◆ **COLLECTED DATA**:
┄┄┄┄┄┄
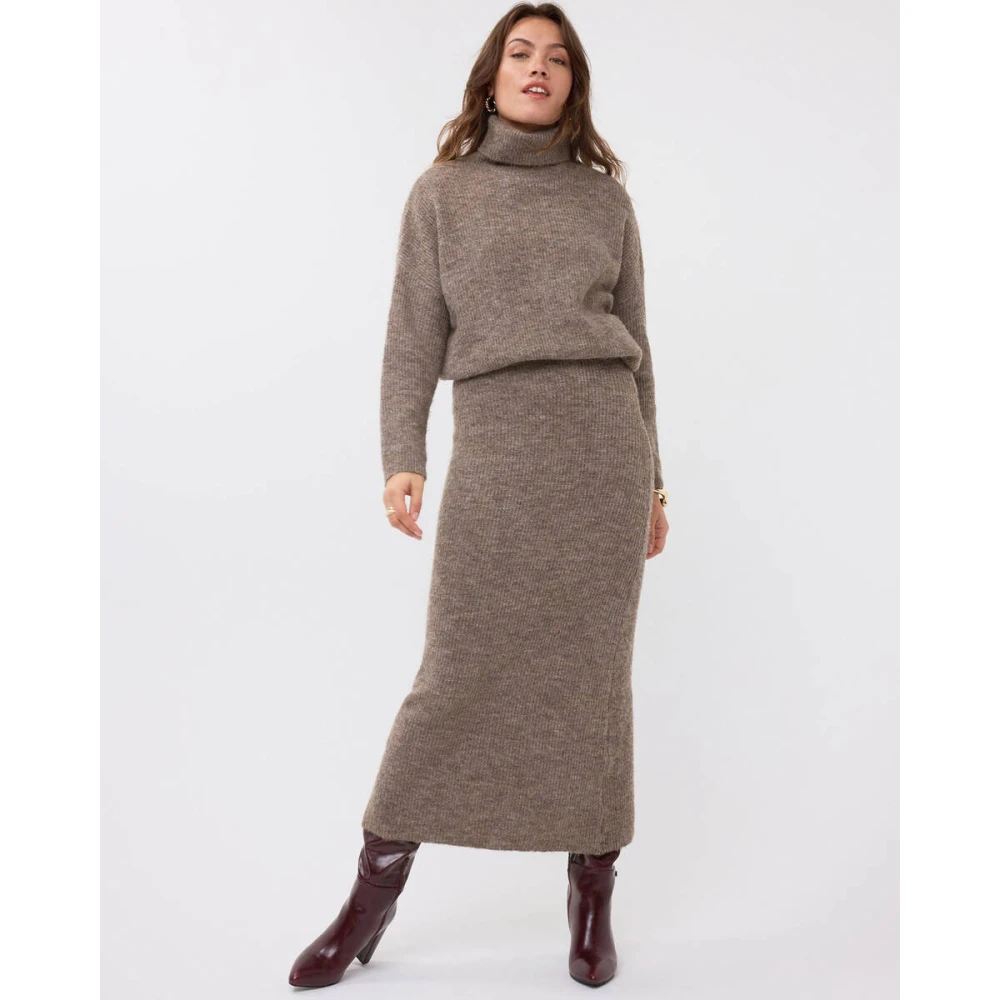 Ydence Lil Sweater Pullover Stijlvol Model Brown Dames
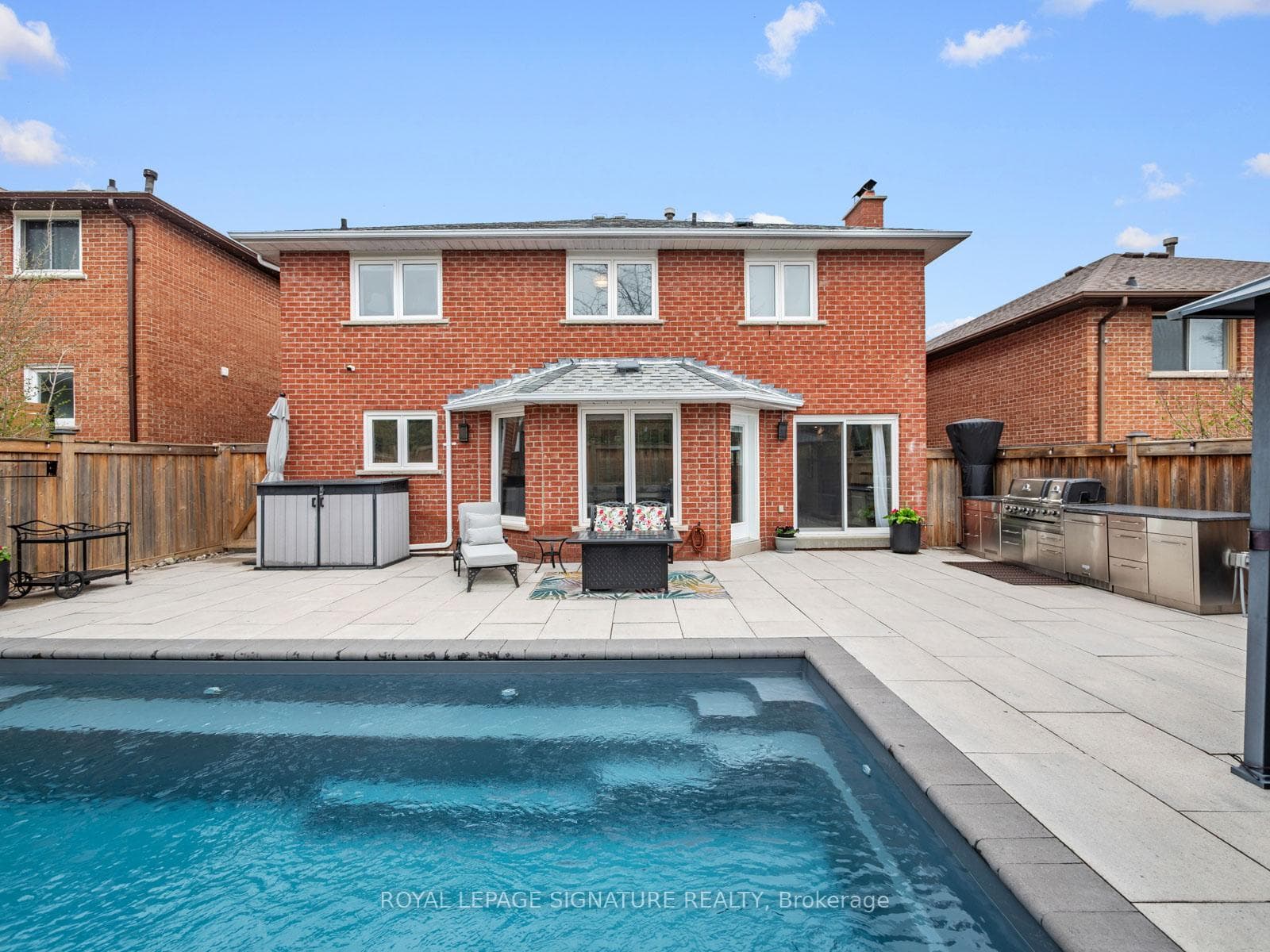 550 Barry Drive photo 41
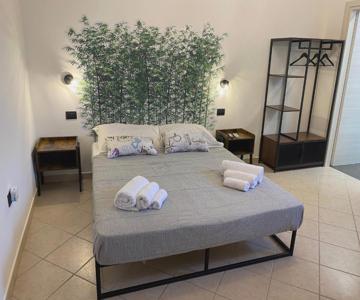 Affittacamere In Centro Musci' Rooms E Suites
┄┄┄┄┄┄
◆ **TASK DESCRIPTION**: Return the full material word for word. Do not include the pictures.

◆ **SOLUTION TO THIS TASK**:
 Ydence Lil Sweater Pullover Stijlvol Model Brown Dames
 550 Barry Drive photo 41
 Affittacamere In Centro Musci' Rooms E Suites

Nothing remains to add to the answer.